- **Your objective**: Please write out exactly, and only, the lines from the first in the material below to the line containing "一艘903A型补给舰和一艘0", both included.
Input material: Begin
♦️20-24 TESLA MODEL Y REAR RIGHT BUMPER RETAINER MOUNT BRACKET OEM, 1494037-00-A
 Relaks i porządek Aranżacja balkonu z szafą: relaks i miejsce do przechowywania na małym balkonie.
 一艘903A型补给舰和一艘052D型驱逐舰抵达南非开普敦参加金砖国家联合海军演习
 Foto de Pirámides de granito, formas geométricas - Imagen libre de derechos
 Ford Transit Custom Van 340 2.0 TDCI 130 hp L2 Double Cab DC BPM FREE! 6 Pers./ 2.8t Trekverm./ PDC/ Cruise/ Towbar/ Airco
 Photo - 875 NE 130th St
Input material: End
- **Output of the exercise**:
♦️20-24 TESLA MODEL Y REAR RIGHT BUMPER RETAINER MOUNT BRACKET OEM, 1494037-00-A
 Relaks i porządek Aranżacja balkonu z szafą: relaks i miejsce do przechowywania na małym balkonie.
 一艘903A型补给舰和一艘052D型驱逐舰抵达南非开普敦参加金砖国家联合海军演习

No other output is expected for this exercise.